- Episode no.: Season 1 Episode 6
- Directed by: Don Leaver
- Written by: Dennis Spooner
- Production code: 3370
- Original air date: 11 February 1961

Guest appearances
- Kenneth Warren; Mia Karam; Howard Goorney;

Episode chronology
| ← Previous "Crescent Moon" | Next → "Diamond Cut Diamond" |

= Girl on the Trapeze =

"Girl on the Trapeze" is the sixth episode of the first series of the 1960s cult British spy-fi television series The Avengers, starring Ian Hendry and Ingrid Hafner, and guest starring Mia Karam, Howard Goorney, and Kenneth J. Warren. It was performed and aired live on ABC on 11 February 1961, and is one of only three series 1 episodes which are known to exist (as of 2022), complete. The episode was directed by Don Leaver, and written by Dennis Spooner.

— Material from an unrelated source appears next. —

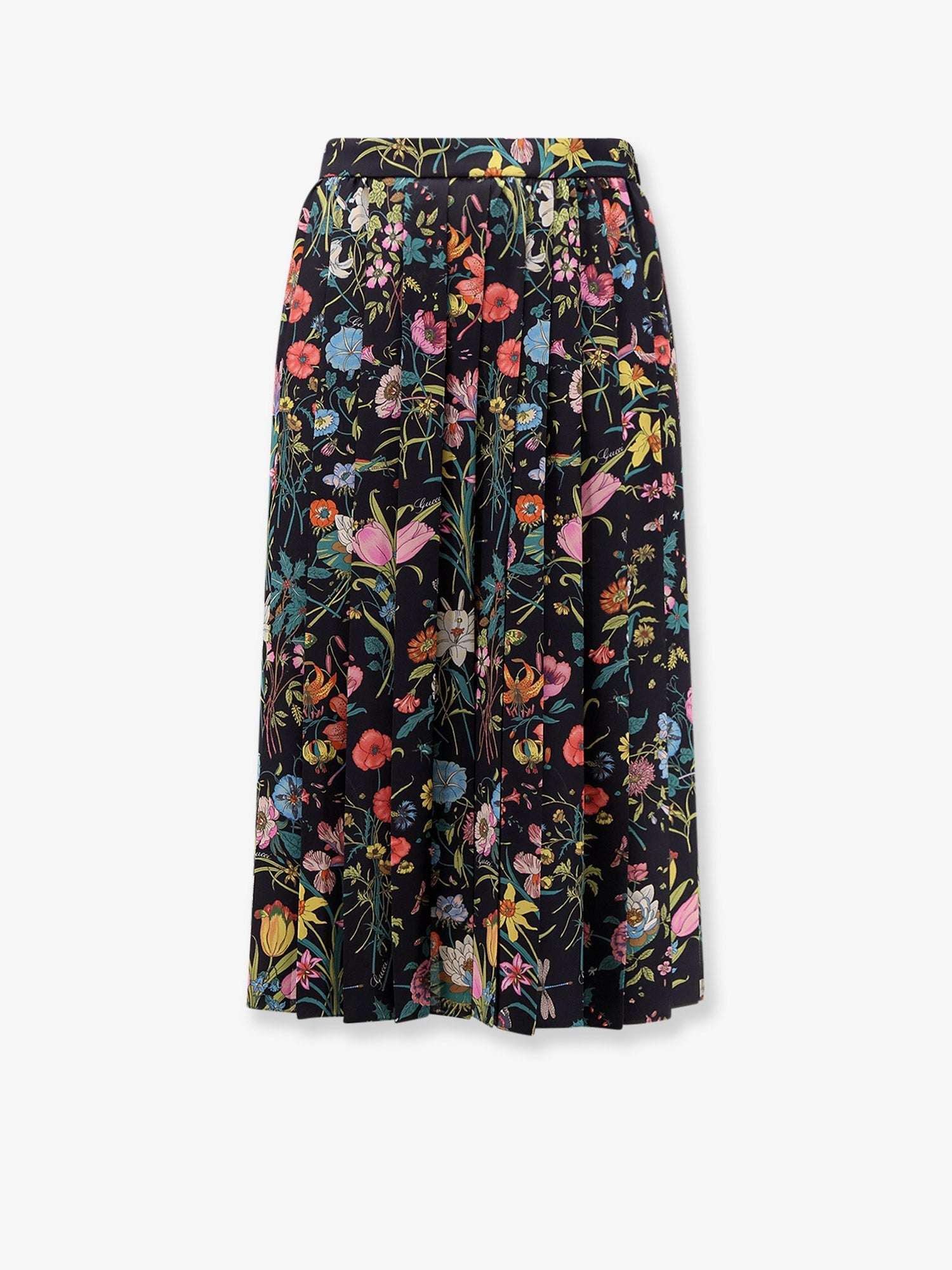 Gucci Silk Midi Skirt With Floral Print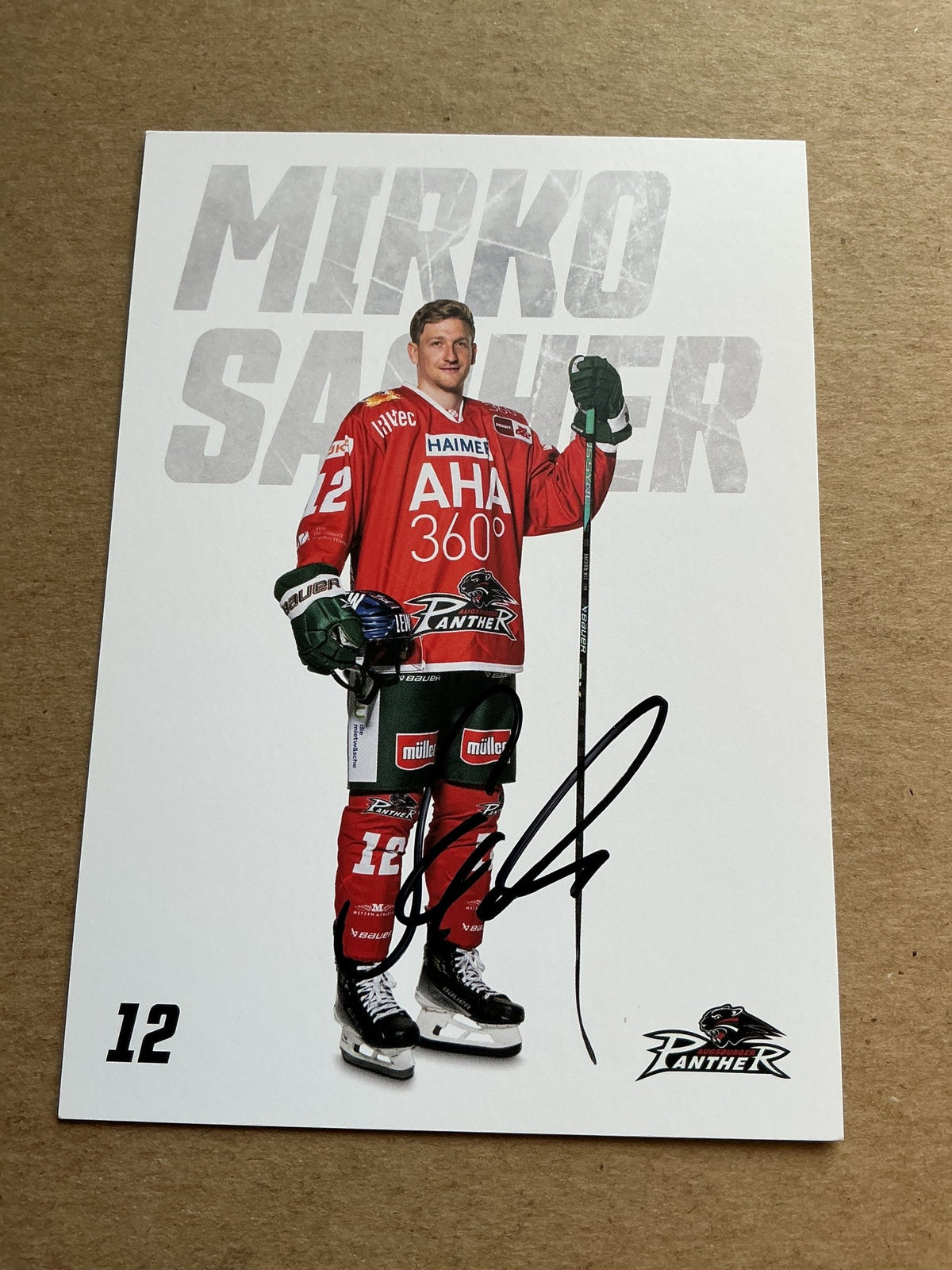Mirko Sacher, Germany 🇩🇪 Augsburg Panther 2023/24 hand signed - Autographs-World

It is notable as being one of only two Avengers episodes in which the character of John Steed, played by Patrick Macnee (who, at this point in the series' history, was a supporting character to Hendry's David Keel, not the lead), does not appear.

==Plot==
Dr. Keel rescues a young woman who tries to commit suicide by jumping into the River Thames. The woman is a trapeze artist with a visiting Central European circus. Foreign agents are trying to use her to force her father, a scientist who defected to Britain, to return to his country home.

==Cast==
- Ian Hendry as Dr. David Keel
- Ingrid Hafner as Carol Wilson
- Mia Karam as Anna Danilov
- Howard Goorney as Supt. Lewis
- Kenneth J. Warren as Zibbo
- Edwin Richfield as Stefan
- Delena Kidd as Vera Korsova
- Ivor Salter as Police Sergeant
- David Grey as Dr. Sterret
- Dorothy Blythe as Box Office Clerk
- Ian Gardiner as Policeman
- Andy Alston as Turek

==Production==
The episode was broadcast live on ABC on 11 February 1961.